Britain’s shock vote on June 23 led to a deep global market sell-off, sending sterling to a 31-year low, with funds pouring into safe-haven gold, other currencies - the dollar, yen and the Swiss franc - and government bonds.
Positioning numbers are telling a similar tale to the latest Reuters poll of 70 foreign exchange strategists, showing speculators have increased their bets in favor of the dollar at the expense of the euro and sterling.
“The consequences of the Brexit referendum are keeping the currency market on tenterhooks. Post-Brexit vote uncertainty is also casting its shadow over the Fed outlook,” wrote Ulrich Leuchtmann, head of FX research at Commerzbank.
“Financial markets have now priced out Fed interest hikes in the foreseeable future, which is currently offset in exchange rates by increased safe-haven USD demand.”
The euro EUR= is forecast to trade around the $1.10 in a month from Tuesday's $1.11, weaken to $1.08 in three months and then a bit further to $1.07 in a year.
Those expectations are the weakest since March and even the number of analysts expecting the single currency to weaken has increased compared with previous months, suggesting more easing to come from the European Central Bank.
Even the Bank of Japan is expected to expand its monetary easing as the yen has surged almost 15 percent against the dollar this year.
The yen’s traditional status as a safe haven when markets are in turmoil means if the broad global markets sell-off continues, it could easily strengthen.
Still, FX analysts are clinging on to their weaker yen outlook, mostly on account of a stronger dollar view, despite a blistering rally in the yen this year.
Trading at 101.9 on Tuesday, the yen is forecast in the poll to weaken to 103.0 in three months, 105.0 in six months and drop to 108.0 in a year.
Those predictions are slightly stronger compared to those from a month ago and there are more analysts in the latest poll forecasting the yen to strengthen to below the 100 per dollar mark over the coming year.
Meanwhile the outlook for UK interest rates and the pound has turned completely on Britons’ vote to leave the EU, with a rate cut now on the cards latest by September.
Sterling is expected to slide further to $1.27 by year-end from the current $1.31 on Tuesday. Forecasts were also in wide range of $1.07-$1.57 in 12 months, underscoring the risks emanating from Brexit.

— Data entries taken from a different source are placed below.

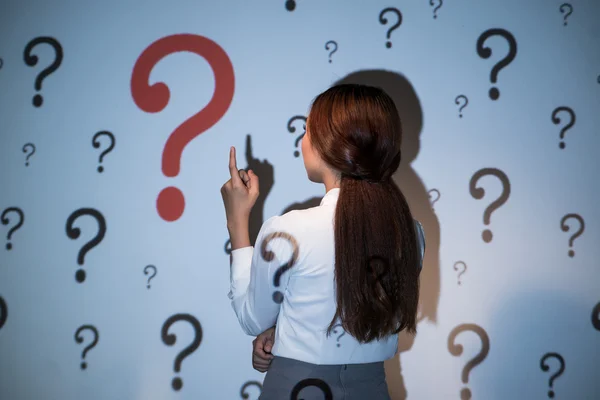 Donna guardando il muro con punti interrogativi — Foto Stock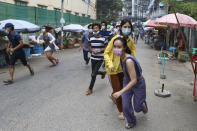 Anti-coup protesters run after seeing police and soldiers arrive to disperse their demonstration in Yangon, Myanmar, Tuesday, April 27, 2021. Demonstrations have continued in many parts of the country since Saturday's meeting of leaders from the Association of Southeast Asian Nations, as have arrests and beatings by security forces despite an apparent agreement by junta leader Senior Gen. Min Aung Hlaing to end the violence. (AP Photo)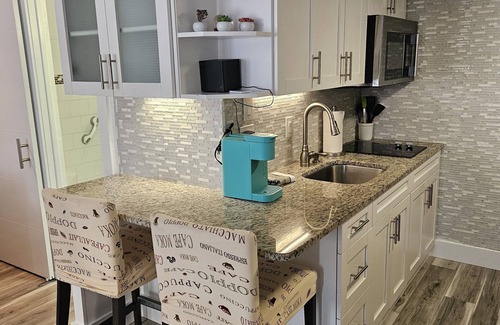 Southwest Orlando Condo | Prime Resort Studio near Universal & Disney balcony with LAKE VIEW
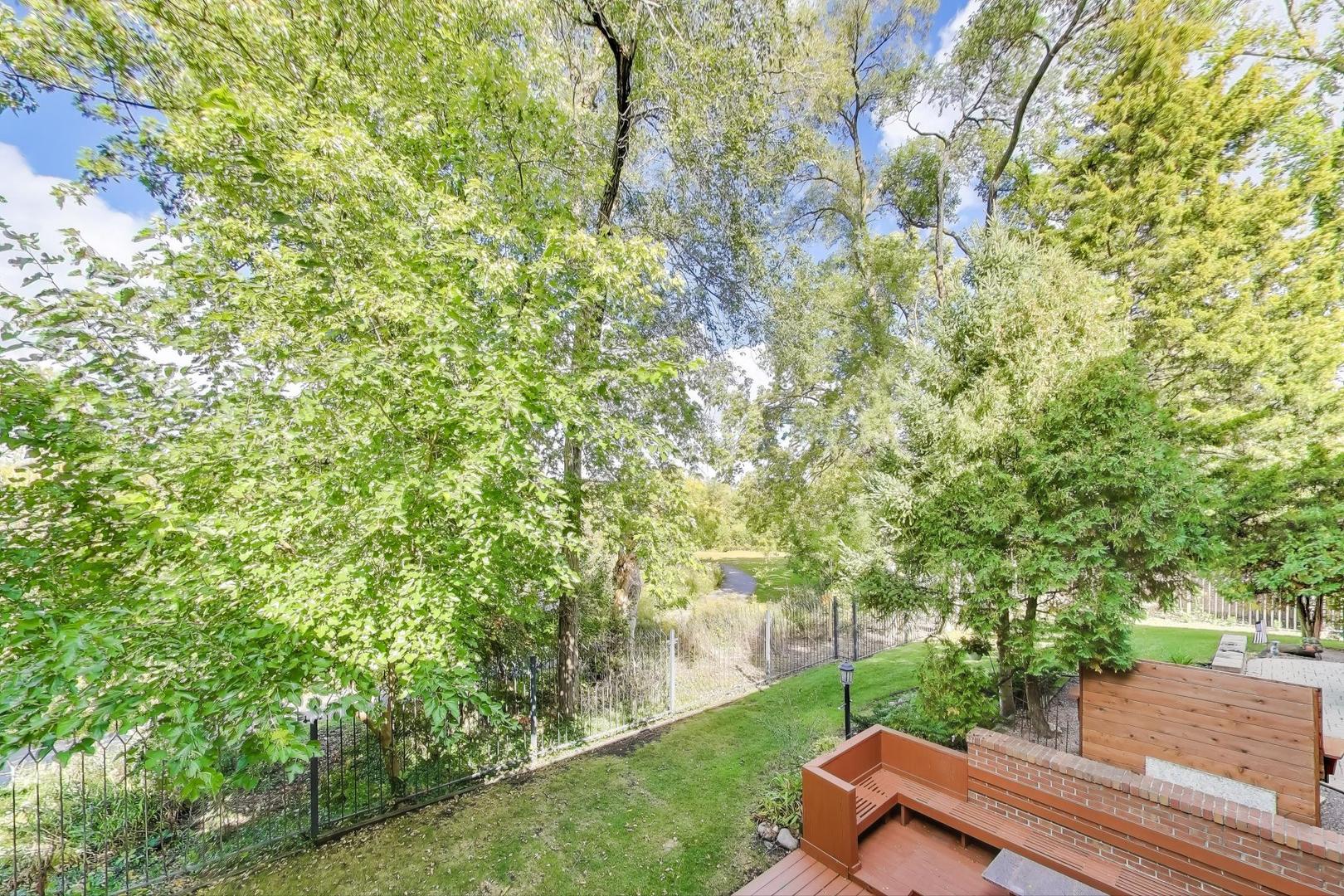 300 Boardwalk Place Park Ridge, IL 60068 - Photo 17 of 52 a view of a bench in a garden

Still, a majority, 49 of 54 analysts, do not expect Brexit to turn into another full-blown financial market crisis.
“Is certainly a lot more likely,” said Kristian Foged Schmidt, currency analyst at Jyske Bank.
“Brexit is a ‘step 1’. Further steps towards crisis are no way certain, but the further we go down the stairs, the more likely a larger crisis gets. For now this is not a main scenario, but only a risk scenario that has become much more likely.”